I have changed the way I live at least two dozen times.
Right from the houses I live at, to my work profiles to my collection of books, my games, my documents even my bank accounts, and stock collection.
I have noticed that most of the changes in my personal assets make a rare dent in the lives of people around me.
I consider this to be a lucky effect of being free.
The hardest part of the process was as opposed to my imagination: everything soft aka online.
I moved content to, and from my laptop, phone, and two 1TB SSD drives.
Also, Archinect, Behance, Eyeem, Facebook, Flickr, Freelancer, Instagram, LinkedIn, Medium, Snapchat, Tumblr, Twitter, Vimeo, Vine, and VSCO.
The idea that I began with was to read/see/listen/learn, and delete.
Stuff.
The idea was to not hoard anything.
Soon keeping things in check became harder, especially with the ever increasing hustle of the 8 odd email addresses I need to manage.
As a result, I lost my girlfriend, and a lot of common friends.
I am on a month long break at least that’s what this is.
I have been up nights in a row, trying to keep up with the progress at work from the interns to the architects who work with me.
Until one of them had to see a neurologist for reasons undisclosed.
It is freakish what the team had been going through.
What I found was keeping me insane was this thing I started the decluttering.
A colleague once told me how her native language lacks gender differentiation It hit me.
The thing with doing away with most of what you own tangible, and intangible is just a part of the solution.
What most of us had been missing out on was our belief in segregation.
the kind of organization achieved by sorting systems into criteria.
The first thing I did was to make a page.
Filled in on everything I could in the social media section.
Sometimes being open about the blunders that can cost you heavy does you good.
My social media lady felt this was pathetic.
She believes that apps come with a predefined purpose for example, she says Tinder is for sex.
I disagree.
Tinder is to meet people.
What you do there after is not of Tinder’s concerns.
If a society is branding it as a hookup app, then there is something that should concern you about the said society.
The second thing I did was to dump everything on those 1TB SSD drives.
I was sorting files according to extensions, not projects, not clients, not dates.
After all, what’s that search tool made for!

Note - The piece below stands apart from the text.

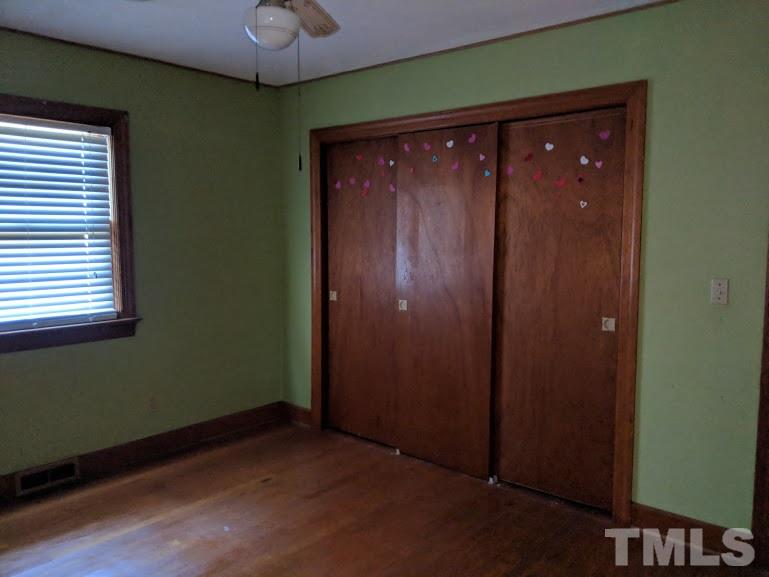 142 Evergreen Road Clarksville, VA 23927 - Photo 14 of 25 an empty room with a window and a chandelier fan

This did free up one SDD That’s progress.
The next thing I did was to dump everything on an inventory account on slack.
I feel sorry that GitHub has that 25MB upload limit.
This has now made all my work cloud based; for free, and for an infinite time.
Now since everything is on the cloud, I can live appliance free.
I travel with just 1 book in my bag.
As far as decluttering goes I have to deal with only one thing the page.
Since I have made a collective out of my everything, every kind of separation has ceased to exist.
Life is simpler maybe something the Americans can learn from.